RECORDS SHOWN:

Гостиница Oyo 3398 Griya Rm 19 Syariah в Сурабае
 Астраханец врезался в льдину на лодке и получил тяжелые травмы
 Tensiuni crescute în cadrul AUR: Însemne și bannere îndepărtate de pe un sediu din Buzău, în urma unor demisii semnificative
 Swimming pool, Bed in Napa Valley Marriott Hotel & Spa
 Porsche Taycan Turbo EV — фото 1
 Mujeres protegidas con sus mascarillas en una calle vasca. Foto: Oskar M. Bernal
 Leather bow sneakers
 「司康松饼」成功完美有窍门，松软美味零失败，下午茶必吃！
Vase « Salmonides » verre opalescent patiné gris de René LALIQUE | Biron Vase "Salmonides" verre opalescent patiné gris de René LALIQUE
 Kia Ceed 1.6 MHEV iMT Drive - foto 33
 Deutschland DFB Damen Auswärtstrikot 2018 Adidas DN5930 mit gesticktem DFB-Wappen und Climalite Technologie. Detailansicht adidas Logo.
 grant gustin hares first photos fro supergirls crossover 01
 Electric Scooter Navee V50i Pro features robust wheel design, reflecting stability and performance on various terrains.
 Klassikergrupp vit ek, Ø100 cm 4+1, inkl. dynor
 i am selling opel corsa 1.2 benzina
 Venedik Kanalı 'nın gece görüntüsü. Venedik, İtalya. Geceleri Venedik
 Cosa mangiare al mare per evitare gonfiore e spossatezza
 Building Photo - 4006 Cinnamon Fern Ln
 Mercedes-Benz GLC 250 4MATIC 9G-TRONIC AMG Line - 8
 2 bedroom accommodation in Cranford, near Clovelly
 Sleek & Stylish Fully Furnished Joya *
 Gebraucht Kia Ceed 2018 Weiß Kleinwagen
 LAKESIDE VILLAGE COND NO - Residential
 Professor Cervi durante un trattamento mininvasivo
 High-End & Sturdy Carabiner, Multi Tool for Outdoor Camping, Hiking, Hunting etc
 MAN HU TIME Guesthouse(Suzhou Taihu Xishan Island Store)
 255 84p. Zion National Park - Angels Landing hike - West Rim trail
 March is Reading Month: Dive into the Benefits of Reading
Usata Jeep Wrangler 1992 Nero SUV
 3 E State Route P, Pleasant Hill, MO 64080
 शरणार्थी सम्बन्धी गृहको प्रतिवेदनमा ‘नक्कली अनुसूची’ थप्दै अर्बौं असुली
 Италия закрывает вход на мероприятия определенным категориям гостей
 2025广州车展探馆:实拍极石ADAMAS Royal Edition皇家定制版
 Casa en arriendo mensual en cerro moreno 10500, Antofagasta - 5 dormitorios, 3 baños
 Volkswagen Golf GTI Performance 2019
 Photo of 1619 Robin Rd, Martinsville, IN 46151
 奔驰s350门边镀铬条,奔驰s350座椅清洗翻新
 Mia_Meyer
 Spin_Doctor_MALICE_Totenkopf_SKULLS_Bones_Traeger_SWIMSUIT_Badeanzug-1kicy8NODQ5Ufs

DIRECTIONS FOR THIS TASK:
Output every entry shown above, exactly.

SOLUTION TO THIS EXERCISE:
Гостиница Oyo 3398 Griya Rm 19 Syariah в Сурабае
 Астраханец врезался в льдину на лодке и получил тяжелые травмы
 Tensiuni crescute în cadrul AUR: Însemne și bannere îndepărtate de pe un sediu din Buzău, în urma unor demisii semnificative
 Swimming pool, Bed in Napa Valley Marriott Hotel & Spa
 Porsche Taycan Turbo EV — фото 1
 Mujeres protegidas con sus mascarillas en una calle vasca. Foto: Oskar M. Bernal
 Leather bow sneakers
 「司康松饼」成功完美有窍门，松软美味零失败，下午茶必吃！
Vase « Salmonides » verre opalescent patiné gris de René LALIQUE | Biron Vase "Salmonides" verre opalescent patiné gris de René LALIQUE
 Kia Ceed 1.6 MHEV iMT Drive - foto 33
 Deutschland DFB Damen Auswärtstrikot 2018 Adidas DN5930 mit gesticktem DFB-Wappen und Climalite Technologie. Detailansicht adidas Logo.
 grant gustin hares first photos fro supergirls crossover 01
 Electric Scooter Navee V50i Pro features robust wheel design, reflecting stability and performance on various terrains.
 Klassikergrupp vit ek, Ø100 cm 4+1, inkl. dynor
 i am selling opel corsa 1.2 benzina
 Venedik Kanalı 'nın gece görüntüsü. Venedik, İtalya. Geceleri Venedik
 Cosa mangiare al mare per evitare gonfiore e spossatezza
 Building Photo - 4006 Cinnamon Fern Ln
 Mercedes-Benz GLC 250 4MATIC 9G-TRONIC AMG Line - 8
 2 bedroom accommodation in Cranford, near Clovelly
 Sleek & Stylish Fully Furnished Joya *
 Gebraucht Kia Ceed 2018 Weiß Kleinwagen
 LAKESIDE VILLAGE COND NO - Residential
 Professor Cervi durante un trattamento mininvasivo
 High-End & Sturdy Carabiner, Multi Tool for Outdoor Camping, Hiking, Hunting etc
 MAN HU TIME Guesthouse(Suzhou Taihu Xishan Island Store)
 255 84p. Zion National Park - Angels Landing hike - West Rim trail
 March is Reading Month: Dive into the Benefits of Reading
Usata Jeep Wrangler 1992 Nero SUV
 3 E State Route P, Pleasant Hill, MO 64080
 शरणार्थी सम्बन्धी गृहको प्रतिवेदनमा ‘नक्कली अनुसूची’ थप्दै अर्बौं असुली
 Италия закрывает вход на мероприятия определенным категориям гостей
 2025广州车展探馆:实拍极石ADAMAS Royal Edition皇家定制版
 Casa en arriendo mensual en cerro moreno 10500, Antofagasta - 5 dormitorios, 3 baños
 Volkswagen Golf GTI Performance 2019
 Photo of 1619 Robin Rd, Martinsville, IN 46151
 奔驰s350门边镀铬条,奔驰s350座椅清洗翻新
 Mia_Meyer
 Spin_Doctor_MALICE_Totenkopf_SKULLS_Bones_Traeger_SWIMSUIT_Badeanzug-1kicy8NODQ5Ufs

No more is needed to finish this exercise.